Fig. 6 – Barāqish. Lavori di restauro delle celle
del tempio di Nakraḥ.
Fig. 7 – Barāqish. Il tempio dedicato
al dio ʿAthtar dhu-Qabḍ.
Fig. 8 – I Templi di Nakraḥ e di ʿAthtar dhu-Qabḍ
scavati dalla Missione Italiana a Barāqish.
Fig. 9 – Stele funeraria dagli scavi
della necropoli minea di Barāqish.

L’entrata alla sala ipostila avveniva attraverso un portale fiancheggiato da due imponenti stipiti, profilati all’interno per la porta in legno (rinvenuta in parte sul pavimento), e in alto per l’architravatura, della quale resta solo una spessa lastra squadrata montata in verticale. Dalla soglia, costituita da un gigantesco blocco in calcare, che sostiene anche gli stipiti, si scende lungo una scala di cinque gradini fino a raggiungere il piano interno della sala ipostila. Il fatto che questo piano sia circa un metro più in basso di quello di accesso è singolare nell’architettura cultuale dello Yemen pre-islamico e la spiegazione è che questo tempio era articolato su due piani. Oltre che nel ribassamento del pavimento della sala, prova ne è una seconda scala che, a destra della prima, saliva al piano superiore. Di questo secondo livello non resta nulla e, quindi, non possiamo sapere quanto fosse complessivamente alto l’edificio. Un tempio a due piani, assai simile a questo, ma più grande, è stato rinvenuto a Yeha in Etiopia, e riguarda il periodo in cui i Sudarabici stabilirono là un emporio commerciale (VIII-V sec. a.C.).

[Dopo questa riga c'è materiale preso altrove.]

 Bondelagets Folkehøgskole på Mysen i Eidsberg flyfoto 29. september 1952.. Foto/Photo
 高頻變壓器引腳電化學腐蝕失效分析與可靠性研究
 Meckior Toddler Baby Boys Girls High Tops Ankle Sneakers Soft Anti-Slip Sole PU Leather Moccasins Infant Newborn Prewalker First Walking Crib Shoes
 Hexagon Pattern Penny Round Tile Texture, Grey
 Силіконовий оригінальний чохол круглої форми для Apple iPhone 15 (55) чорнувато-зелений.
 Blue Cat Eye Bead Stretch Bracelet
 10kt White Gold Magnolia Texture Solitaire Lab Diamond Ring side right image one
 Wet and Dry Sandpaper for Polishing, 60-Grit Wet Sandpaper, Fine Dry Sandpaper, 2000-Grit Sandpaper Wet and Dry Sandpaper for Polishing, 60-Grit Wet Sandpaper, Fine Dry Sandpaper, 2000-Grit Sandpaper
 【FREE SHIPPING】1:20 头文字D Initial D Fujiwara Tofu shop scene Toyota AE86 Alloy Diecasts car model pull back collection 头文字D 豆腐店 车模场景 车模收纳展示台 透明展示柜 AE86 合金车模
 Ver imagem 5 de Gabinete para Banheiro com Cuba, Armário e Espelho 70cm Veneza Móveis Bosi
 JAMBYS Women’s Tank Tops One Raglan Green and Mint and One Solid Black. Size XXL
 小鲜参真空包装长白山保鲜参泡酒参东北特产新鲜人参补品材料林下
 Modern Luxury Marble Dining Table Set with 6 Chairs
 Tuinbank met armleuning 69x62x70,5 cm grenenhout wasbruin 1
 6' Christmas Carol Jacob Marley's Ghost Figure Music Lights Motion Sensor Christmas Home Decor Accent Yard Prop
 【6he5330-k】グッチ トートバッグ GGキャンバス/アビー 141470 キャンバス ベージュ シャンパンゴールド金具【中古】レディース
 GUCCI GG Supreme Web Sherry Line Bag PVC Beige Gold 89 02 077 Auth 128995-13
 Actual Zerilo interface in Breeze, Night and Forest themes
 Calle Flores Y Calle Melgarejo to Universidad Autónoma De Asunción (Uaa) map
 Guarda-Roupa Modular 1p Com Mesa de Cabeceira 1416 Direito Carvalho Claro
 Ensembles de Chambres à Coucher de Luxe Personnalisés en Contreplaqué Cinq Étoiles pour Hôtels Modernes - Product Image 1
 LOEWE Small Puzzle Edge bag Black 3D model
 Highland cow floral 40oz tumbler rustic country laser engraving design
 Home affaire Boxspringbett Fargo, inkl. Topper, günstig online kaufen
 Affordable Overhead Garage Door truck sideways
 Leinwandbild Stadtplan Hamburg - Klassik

L’apparato di entrata al tempio consiste in un’ampia gradinata (larga m 5,50) che conduce ad una terrazza lastricata (larga m 12,80), sulla quale poggiano sei grandi plinti monolitici che, sostenendo sei pilastri alti m 6,30, formano il propileo del tempio. Due aree soprelevate e quadrate, di 3 m di lato, fiancheggiano l’ingresso.

Tutto questo avancorpo d’entrata – compresa la scala – è contenuto da un muro in bei blocchi squadrati e decorati che si raccorda ai muri laterali del tempio. Alcune iscrizioni complete, anche molto estese, sono state rinvenute incise nelle pareti interne della sala ipostila. Queste, insieme a numerose altre trovate nei blocchi di crollo, offriranno certo un notevole contributo per ricostruire la storia dei Minei. A parte le epigrafi e la numerosa ceramica, dallo scavo non provengono oggetti di particolare valore. Ciò va imputato, quasi certamente, al drastico saccheggio che il tempio dovette subire al momento della sua distruzione nel I sec. d.C.

I sondaggi stratigrafici, condotti durante le campagne archeologiche del 2005 e 2006, all’interno della città e al suo esterno a ridosso della cinta muraria, hanno rivelato una ininterrotta occupazione dell’insediamento dal XII al VII sec. a.C.

Negli stessi anni, furono messe in luce alcune tombe a fossa ca. 200 m a ovest di Barāqish. È la prima necropoli minea che sia mai stata scavata. Sono state trovate in situ numerose stele antropomorfe iscritte (Fig. 9), che ci illuminano sui costumi funerari e l’onomastica minea. La presenza di nomi di origine tanto sudarabica quanto nordarabica indicano il movimento di genti lungo la Via Carovaniera e la presenza di Arabi del nord in questa regione tra il III sec. a.C. e il I/II sec. d.C.